Not for fans of the original
I just have to voice my opinion on this new remake of Psycho. It may not be a half-assed attempt to take the idea of a Hitchcock film and turn it into something more contemporary (Rear Window, A Perfect Murder), but its decisions on where to pay homage to the original and where to embark on its own decisions make the movie more choppy and awkward than it should have been. The thing I liked about the original, and still do over the new version, is that Norman Bates' character had a boyish innocence to it. Vince Vaughn turns the character into an overly moody, and somewhat agresive geek. He doesn't even seem to believe his own lines. I can't blame him totally for his off target performance since the lines, written to sound normal and like "small-talk" in the 60's, sound too strange and pointless. "Twelve cabins, twelve vancancies." is said by Vaughn like a simple minded little boy, while Perkins actually dilivered it sounding natural and like an everyday sort of comment. The script needed more than the very few touch-ups that were applied to better explain a small amount of the points in the movie.

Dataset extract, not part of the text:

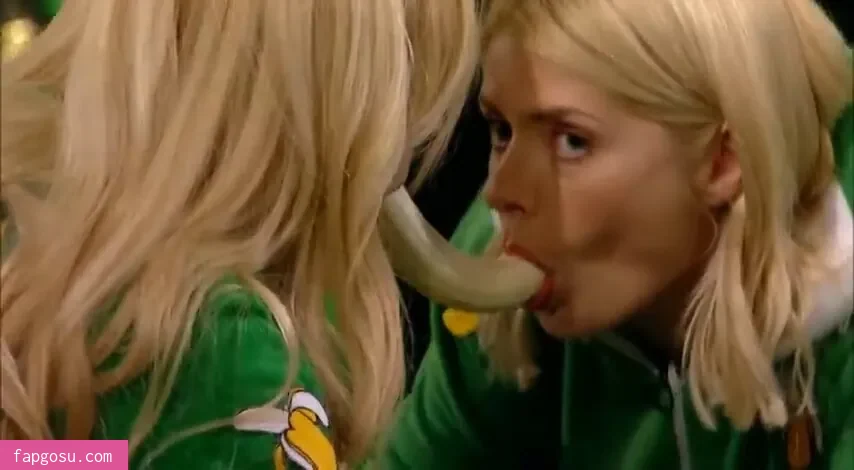 Holly Willoughby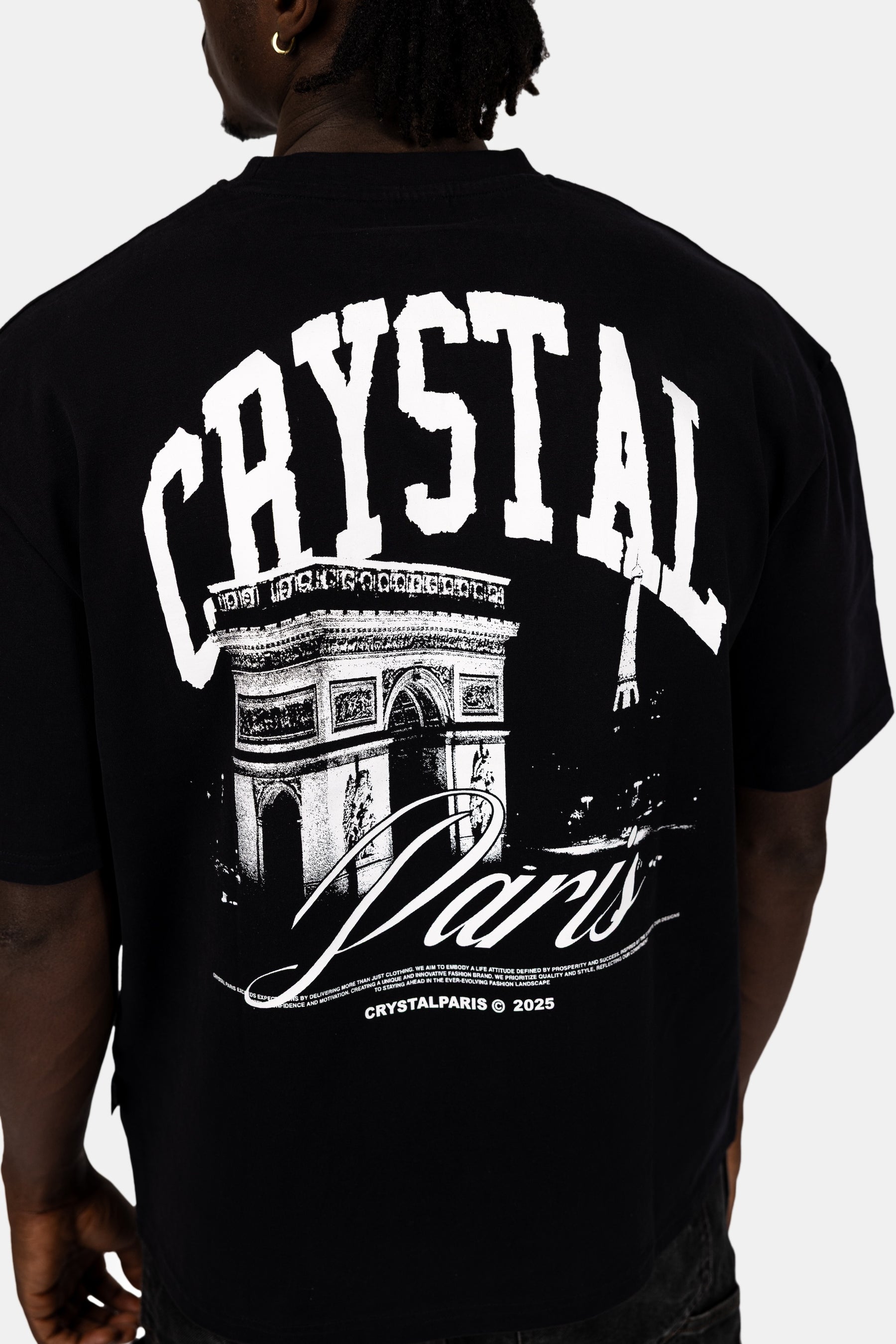 Arc Oversized T-Shirt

Van Sant just couldn't decide if he was actually trying to remake the original shot-for-shot (it is up to the shower scene), or turn it into a newer story more set in today's world. My final gripe with Van Sant's version is Anne Heche. She seemed like a resonable choice for Janet Leigh's role, but she comes off stupid and like she really isn't thinking at all. Van Sant can't even pick good times to poke fun at the original. Heche's outfits for the movie are downright outrageous, and distracting. They draw so much attention to themselves that you forget that there is a story going on. I cringed thinking of the original when she pulled out an umbrella that looked like a big bright version of a decoration for a drink in a bar. The only thing that I can commend Van Sant for is that he has brought Psycho to a new generation, that although may not appreciate or have seen the original, can find a good shock from the story. It actually could have been a good film if Van Sant had decided what kind of movie he wanted to make. The new version is definitely NOT for film buffs or fans of the original Hitchcock version. However for those who can't stand the idea of watching actors from a different time or a film shot in black & white, this is a movie you should definitely see.